14. The Apex Court in the matter of The Premier Automobiles Ltd., Appellants v. Kamlakar Shantaram Wadke and Ors., Respondents, reported in AIR 1975 SC 2238, also laid down the principles applicable to the jurisdiction of the Civil Court in relation to an Industrial Dispute in the following manner :–

“(1) If the dispute is not an industrial dispute, nor does it relate to the enforcement of any other right under the Act the remedy lies only in the Civil Court.

(2) If the dispute is an industrial dispute arising out of a right or liability under the general or common law and not under the Act, the jurisdiction of the Civil Court is alternative, leaving it to the election of the suitor concerned to choose his remedy for the relief which is competent to be granted in a particular remedy.

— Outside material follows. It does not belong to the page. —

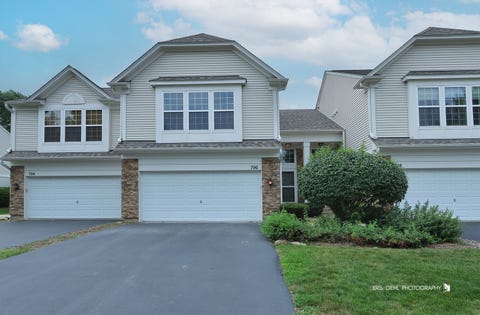 Photo of 796 Pointe Drive #796, Crystal Lake, IL 60014 (MLS # 12731746)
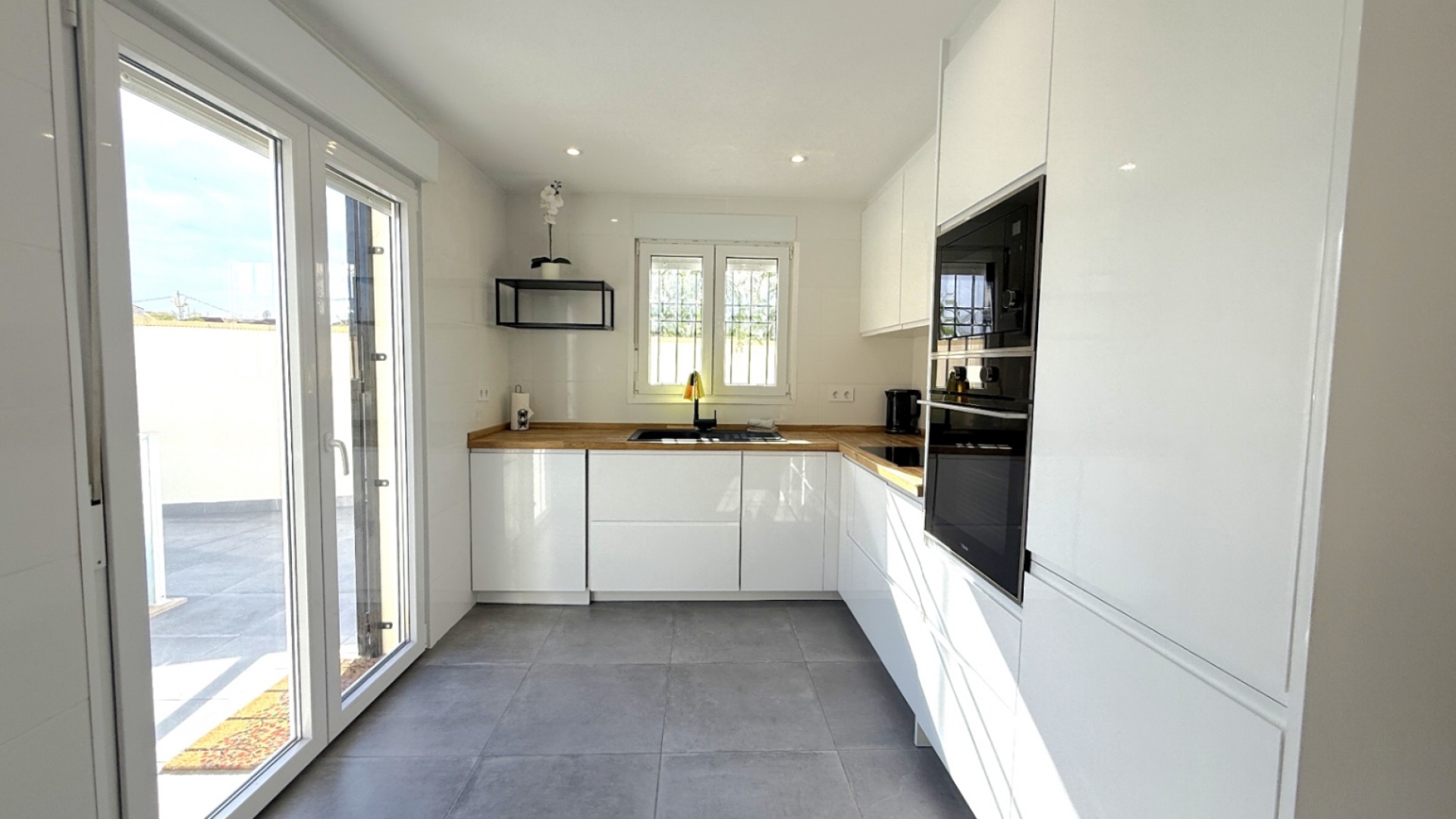 Wederverkoop - Villa - Playa Flamenca - perla del mar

(3) If the industrial dispute relates to the enforcement of a right or an obligation created under the Act, then the only remedy available to the suitor is to get adjudication under the Act.

(4) If the right which is sought to be enforced is a right created under the Act such as Chapter VA then the remedy for its enforcement is either Section 33C or the raising of an industrial dispute, as the case may be.”

In point No. 1, it has been held that if the dispute is not an industrial dispute nor does it relate to enforcement of any other right under the Act, the remedy lies only in the Civil Court. In fact, these are the guidlines of the Apex Court on the basis of which, the Civil Court is to determine as to whether a dispute is covered under the definition of an industrial dispute and the suit would be barred under the provisions of Section 2A or 2(k) of the I.D. Act or not. A consideration is also to be given to the date of filing of the suit and the position of employee on the said date. After going through the records, I am of the opinion that the decision on the point should have come after giving due opportunity of hearing to all the parties concerned. Merely saying incidentally while dealing with the matter to determine a prima facie case, the Appellate Court can not say in the above manner that it has no jurisdiction to entertain the suit. This order is a superficial order passed in one line without assigning any reasons for the same and the same can not be upheld.

15. It is a settled law that the reasons are live links between the mind of the decision taker to the controversy in question and the decision or conclusion arrived at. Failure to give reasons amounts to denial of justice. (Please see Alexander Machinery Dudley Ltd. v. Crabtree, 1974 LCR 120, which has been referred in case of Regional Manager, UPSRTC, Etawah and Ors. v. Hoti Lal, reported in AIR 2003 SC Pg. 1462 vide Para 10).

16. The Lower Appellate Court has quoted the decision of the Apex Court in Chandrakant Tukaram Nikam and Ors. v. Municipal Corporation of Ahmedabad and Anr., reported in 2002 Part 1 CGLJ 248, which is not applicable in the present case. The very first para of the said decision shows that the matter was in relation to the Workmen of Ahmedabad Municipal Corporation who had challenged the orders of dismissal/removal from service by filing a civil suit. Admittedly, the suit in this case was filed after the dismissal/removal orders were passed and the judgment was distinguishable on this point.

17. During the course of arguments, learned Counsel for the petitioner submits that the petitioner has already been retired on 31-3-2004. It is very fairly stated that the order of temporary injunction and also relief of permanent injunction have become infructuous. He also made a submission that the written statement in the matter has already been filed by the respondents/defendants and the matter is pending before the Trial Court. He further submits that the petitioner is a retired person and his case should be directed to be decided in accordance with law.

18. In light of the aforesaid discussions and also in light of the submissions made at Bar, in the opinion of this Court the orders passed by the Courts below – Trial Court as well as the Appellate Court, are required to be set aside. Accordingly, they are set aside. The Trial Court is directed to frame an issue on the question of maintainability of the suit and thereafter decide the same in accordance with law after giving due opportunity of hearing to both the parties. The petition is allowed. Looking to the facts and circumstances of the easel there shall be no order as to the costs.